What reviewers should focus on

  1. VMAJ_NEW=7 in .github/workflows/build.yml — this is the major-version bump that will tag the next test-branch build as v7.x.x-beta and, on promotion to main, as v7.0.0.
  2. config_base_mainnet.json funding-account change — please confirm the address is the intended one before this reaches main.
  3. readme.md v7.0.0 callout — verifies the two-hop trust chain story reads correctly to a new reader (C-Node v6+ → P-Node v7+ → Backend LLM).
  4. docs/02.3-proxy-router-tee.md and docs/02.4-proxy-router-secretvm-quickstart.md — the Phase 1 / Phase 2 split. Especially the "What Consumers See, and What Your P-Node Does" section in 02.4, which was the section we reworked most heavily to correct the earlier wording that implied the consumer runs Phase 2.
  5. .ai-docs/TEE_Attestation_Architecture.md §7.7 — new technical write-up of the actual Phase 2 implementation (file paths, attestation endpoints, full sequence). Please sanity-check against proxy-router/internal/attestation/ code.

Trust-chain clarification (for reviewers)

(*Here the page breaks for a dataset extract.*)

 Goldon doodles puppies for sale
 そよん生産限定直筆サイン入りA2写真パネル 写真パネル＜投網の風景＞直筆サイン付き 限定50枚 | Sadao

The key correctness fix in the docs:

C-Node (v6.0.0+)  ──Phase 1──▶  P-Node -tee image (v7.0.0+)  ──Phase 2──▶  Backend LLM
                  consumer                                     P-Node
                  verifies                                     verifies its
                  P-Node                                       own backend
  • Phase 1 (shipped in v6.x, unchanged in v7): consumer's proxy-router verifies the provider's P-Node attestation (CPU quote, TLS binding, RTMR3 of the -tee image) at session open and every prompt.
  • Phase 2 (new in v7.0.0, shipped in feat: Phase 2 TEE backend verification #699): the P-Node itself verifies the backend LLM — CPU quote, TLS pinning, RTMR3 replay of the backend's docker-compose.yaml, CPU-GPU nonce binding, NVIDIA NRAS — at startup and every prompt.
  • The on-chain tee model tag is the single switch that enables both hops.
  • v6.0.0+ consumers are forward-compatible with v7.0.0+ providers and get Phase 2 guarantees transparently (Phase 2 is entirely inside the P-Node binary they already attested in Phase 1). No client-side upgrade is required for Phase 2.

Test plan

  • CI/CD builds v7.x.x-beta tag for the test branch
  • Post-deploy RTMR3 verification against the live SecretVM test instance passes
  • Deploy-SecretVM-Test job ECS-wait timing no longer premature-fails
  • Spot-check GET /v1/models/attestation on a deployed test P-Node shows per-model Phase 2 state
  • Reviewer walks through the v7 docs cold (without this PR's context) and confirms the two-hop trust chain is clearly explained

Downstream

After validation on test, plan to promote with a test → main PR that tags v7.0.0.

Made with Cursor

abs2023 and others added 4 commits April 22, 2026 09:57
- Incremented the major version number from 6 to 7 in the build workflow.
- Updated the funding account address in the mainnet configuration file.
Brings in:
- #701 fix(cicd): fix ECS deploy wait timing (squashed mirror of this branch's own commit)
- #703 wrap in correct error on P-node tee attestation fail
- #705 pass request_id in context in every log
- #708 feat: 'tee' tag for everything
- Introduced full two-hop Trusted Execution Environment (TEE) verification: Phase 1 (consumer to P-Node) and Phase 2 (P-Node to backend LLM).
- Updated documentation to reflect new TEE features, including detailed descriptions of the verification processes and guarantees.
- Added new sections in the README and various documentation files to clarify the TEE model tagging and its implications for consumers and providers.
- Incremented version number to v7.0.0 in configuration files and updated relevant documentation links.
- Improved CI/CD pipeline documentation to outline the automated verification processes for TEE models.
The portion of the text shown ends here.